8. The Secretary of State refers to the fact that AA has not been believed for a number of years and argues the Judge's conclusion that AA is not in contact with anyone in Iraq who could assist him was not made out and that the Judge failed to engage with the credibility issues as part of the overall assessment. The Secretary of State's case is that although return to the IKR or Baghdad may be problematic it was not impossible. It is accepted the key consideration will be whether AA could obtain a CSID, as without one he would face significant difficulties, but it is argued that in light of AA's poor credibility and given his poor immigration and criminal history the Judge fails to give clear reasons as to why he would be unable to locate family and friends in Iraq who could then assist in obtaining a replacement CSID instead finding AAs account entirely plausible regarding the loss of contact.

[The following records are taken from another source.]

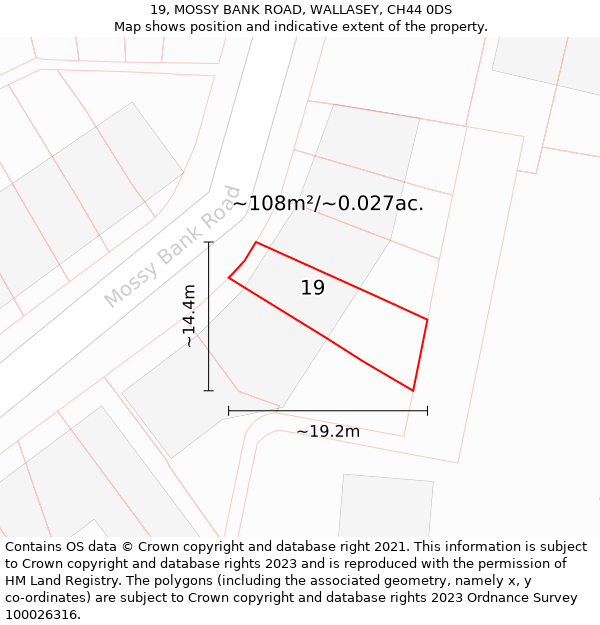 19, MOSSY BANK ROAD, WALLASEY, CH44 0DS: Plot and title map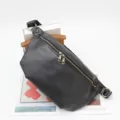 Men's fashion casual chest bag PU leather crossbody bag large capacity waist pack - Black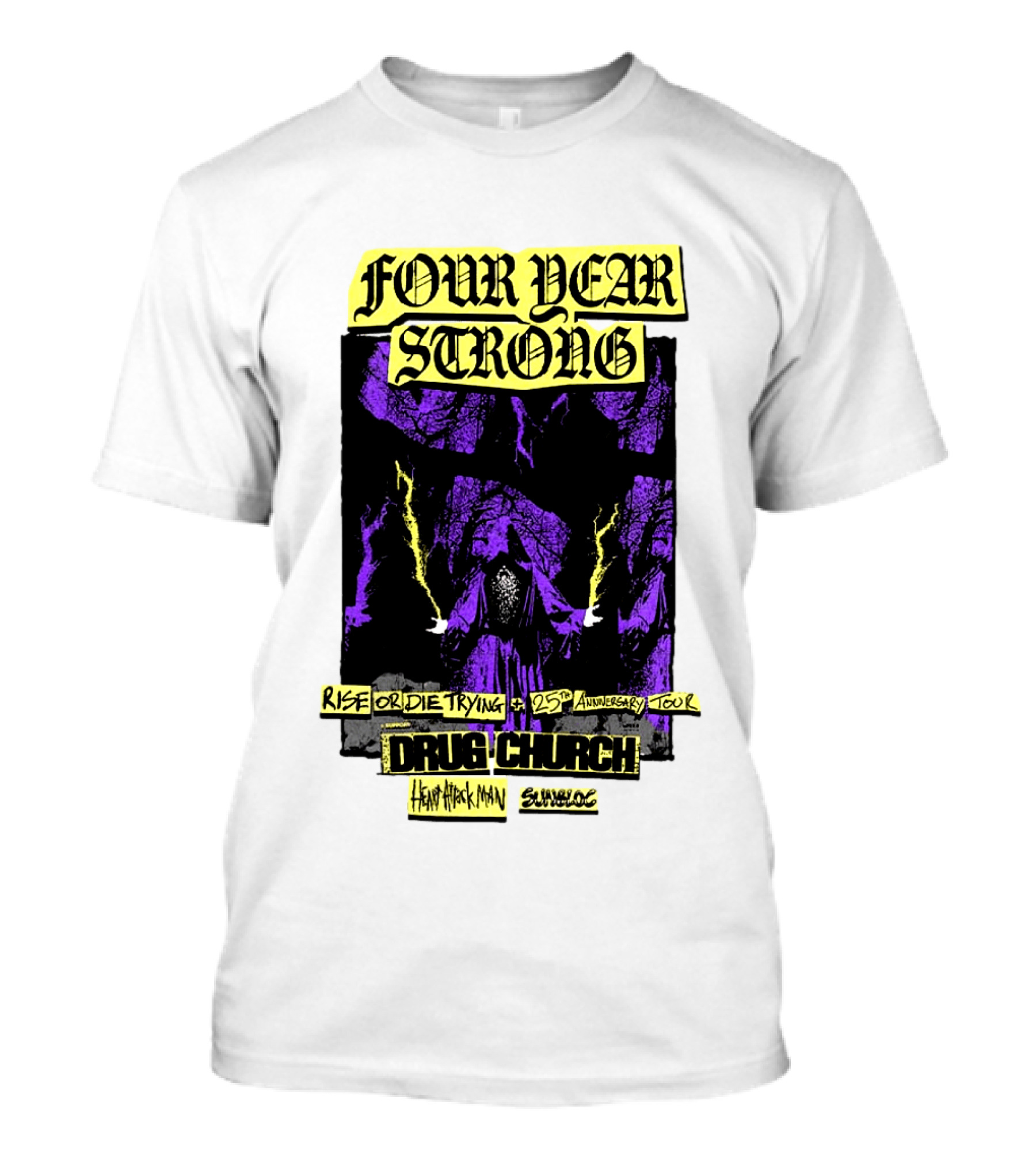 Four Year Strong Rise Or Die Trying 25th Anniversary Tour Drug Church Heart Attack Man Save Face Purple Cloaked Figure T-Shirt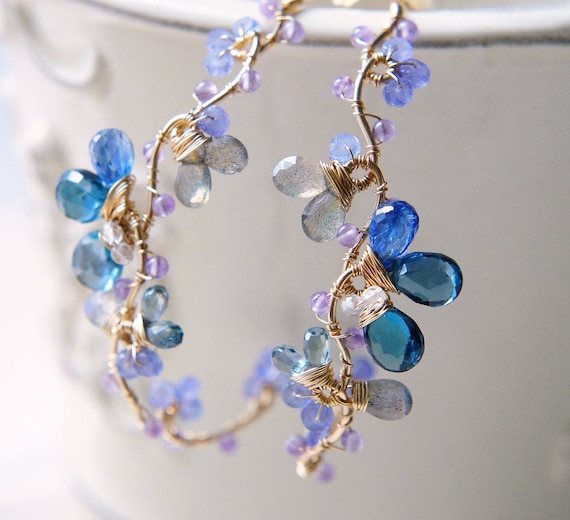 London Blue Topaz 2024 Earrings, Tanzanite Amethyst Chandelier Hoop, 14k gold filled Sterling silver
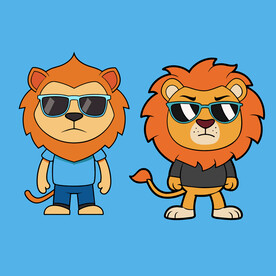 量动物戴墨镜的小狮子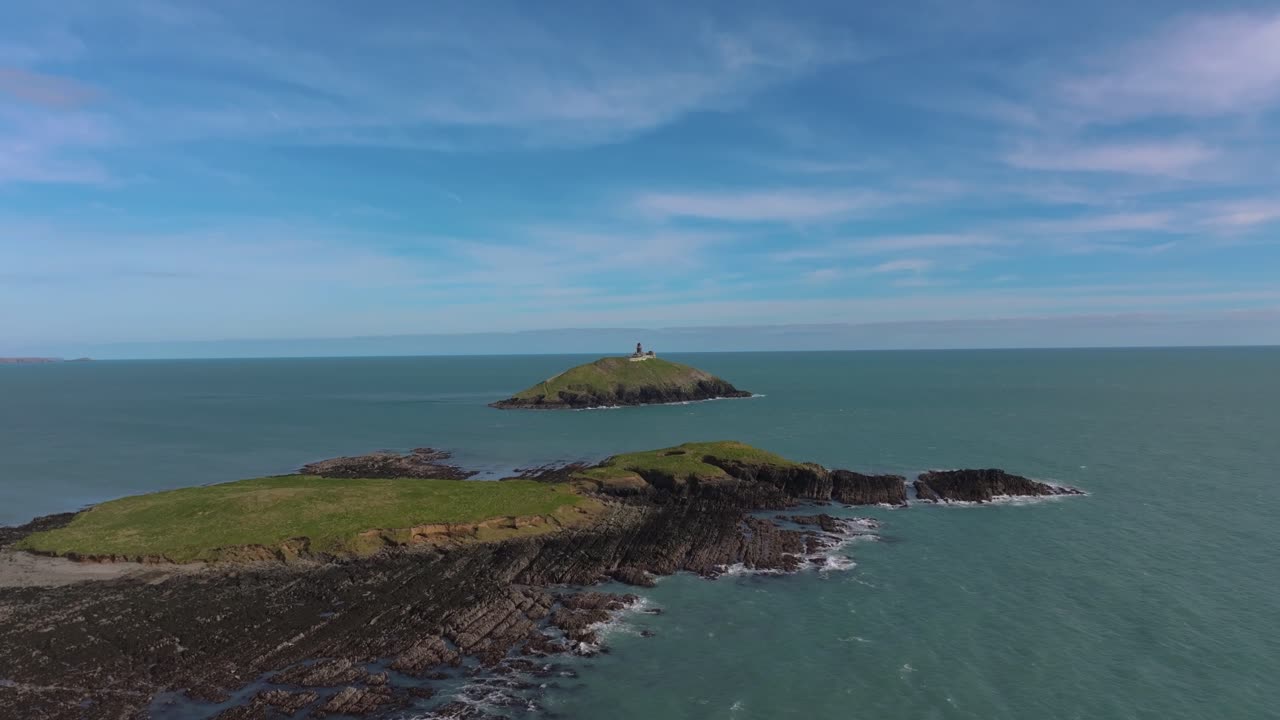 4K Aerial footage capturing the dramatic Ballycotton Lighthouse off the coast of East Cork - Ireland_01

The grounds assert AA has made no attempt through the Red Cross or Red Crescent to try to locate his uncle or family who arranged his journey to the UK and failed to demonstrate he had taken all reasonable steps to obtain documentation before it could be concluded removal was not feasible. The grounds assert AA failed to provide any details of attempts to contact the Iraqi Embassy as a result of which the Secretary of State argues he should not succeed on article 3 or Humanitarian Protection grounds.
9. In behalf of AA it was argued decision and findings are based upon the evidence received by the Judge. The Judge considered the issues and country guidance case law and makes findings in relation to the same in accordance with the evidence. It was argued the decision is adequately reasoned. The Judge recognised AA has been in the United Kingdom for 18 years with a finding at [103] that it is plausible he no longer has any knowledge of the whereabouts or circumstances of an uncle with no evidence of wider family in Iraq.
10. It is noted there is reference in the Secretary of States grounds to AA finding or producing a death certificate for his mother but the Judge's finding is that the appellant has no contact with family members and as noted by AA's advocate the country guidance clearly refers to the presence of a male family member being required and not a female family member. As it was accepted AA could not go to Mosul by the Secretary of State is not clear how it is expected he could obtain this or other documentation.
11. The Judge was aware of previous negative credibility findings [102] and it is not made out the Judge ignored or failed to factor the same into the decision-making process.
12. Having considered the competing arguments, evidence available to the Judge, and the decision under challenge in some detail, I find that no arguable legal error has been made out material to the decision to allow the appeal sufficient to warrant the Upper Tribunal interfering further in this matter. The reason for such finding is that the Judge was clearly aware of relevant country information and the country guidance case law and undertook the assessment of the merits of the appeal in light of the same and facts as found. This included previous credibility findings and the appellant's criminality. The core finding that the appellant could not obtain a CSID is adequately reasoned and has not been shown to be a finding outside the range of those reasonably available to the Judge on the evidence. Whilst the Secretary of State may disagree with the Judge's reasoning it is not made out the same was in any way perverse, irrational, or contrary to the evidence. The lack of a CSID, in light of current country guidance case law, was determinative of the merits of the appeal in the appellant's favour.

Decision

13. There is no material error of law in the Judge's decision. The determination shall stand.

Anonymity.

14. The First-tier Tribunal made an order pursuant to rule 45(4)(i) of the Asylum and Immigration Tribunal (Procedure) Rules 2005.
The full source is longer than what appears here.